Bjorn Stabell wrote:
Basically, when the load gets high, Zope has a huge backload of work (several minutes of requests), making the average latency for each request many minutes. What are effective ways to do this kind of overload management so that the backlog of work doesn't get that big?
Make the app faster so that doesn't happen.
You'll always reach the bottleneck sooner or later, and in 99% of the cases it'll be Zope. It's not exactly a racing horse. [...]
...return 503 to every new request probably isn't a good idea, 503 to every new session is probably OK. Maybe. It depends on the workload. If you have a user who sends 10 requests and 5 of them fail, they're going to keep hitting reload to try to get them all to work, which just compounds your problems. The idea is that you want tweak it so some of your users get everything, and some get nothing, instead of everybody getting partials. This means you have to track sessions though... thats probably easier to do in ZServer than it is in Apache 1.3 just because of the process model, but that doesn't mean its easy.

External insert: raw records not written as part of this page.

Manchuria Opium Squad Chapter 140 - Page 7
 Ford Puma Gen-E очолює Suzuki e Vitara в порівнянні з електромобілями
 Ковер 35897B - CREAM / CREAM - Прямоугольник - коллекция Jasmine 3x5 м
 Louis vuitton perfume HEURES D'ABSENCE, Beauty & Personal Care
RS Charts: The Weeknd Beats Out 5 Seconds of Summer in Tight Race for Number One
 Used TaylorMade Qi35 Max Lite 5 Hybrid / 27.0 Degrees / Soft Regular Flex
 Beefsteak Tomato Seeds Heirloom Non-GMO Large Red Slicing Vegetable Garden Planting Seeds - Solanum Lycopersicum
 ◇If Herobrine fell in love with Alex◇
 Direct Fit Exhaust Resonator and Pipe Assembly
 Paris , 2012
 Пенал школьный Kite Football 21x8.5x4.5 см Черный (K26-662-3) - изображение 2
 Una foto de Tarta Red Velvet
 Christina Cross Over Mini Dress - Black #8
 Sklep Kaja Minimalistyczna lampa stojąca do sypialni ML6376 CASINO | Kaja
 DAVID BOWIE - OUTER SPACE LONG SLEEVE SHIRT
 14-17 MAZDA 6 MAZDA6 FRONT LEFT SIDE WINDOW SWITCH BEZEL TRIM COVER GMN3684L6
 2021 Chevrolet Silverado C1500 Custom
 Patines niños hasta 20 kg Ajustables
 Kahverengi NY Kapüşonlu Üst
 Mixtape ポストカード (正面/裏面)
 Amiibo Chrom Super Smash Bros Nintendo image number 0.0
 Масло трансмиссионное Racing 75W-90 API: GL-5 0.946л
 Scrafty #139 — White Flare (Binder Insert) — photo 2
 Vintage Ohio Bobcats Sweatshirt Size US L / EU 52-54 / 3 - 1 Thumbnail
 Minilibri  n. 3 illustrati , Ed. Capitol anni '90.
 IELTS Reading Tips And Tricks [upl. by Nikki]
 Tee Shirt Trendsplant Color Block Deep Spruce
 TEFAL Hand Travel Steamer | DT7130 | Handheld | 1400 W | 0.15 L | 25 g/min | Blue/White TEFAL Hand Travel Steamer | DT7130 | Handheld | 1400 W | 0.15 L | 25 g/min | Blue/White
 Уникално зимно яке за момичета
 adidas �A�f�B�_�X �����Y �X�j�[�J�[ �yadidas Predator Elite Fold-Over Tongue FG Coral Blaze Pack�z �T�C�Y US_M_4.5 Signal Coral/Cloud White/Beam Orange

By default, Apache doesn't track sessions and do that kind of planned failure. There are probably modules that can enable that behavior.
ZServer's multiplexed IO model just hides the accepting socket from the poller if its concurrency level is reached, and yeah, then the incoming connections end up in the backlog. You'd have to change ZServer so it handled those new requests instead, identified if they were part of a session, queued them up if they were, or spat out a 503 if they weren't.
With KeepAlive on, wouldn't everything in one "session" sent over one TCP connection? If that is the case, each accept() will basically service a whole session, and so you should be able to do the easy thing of refusing a connection just after an accept().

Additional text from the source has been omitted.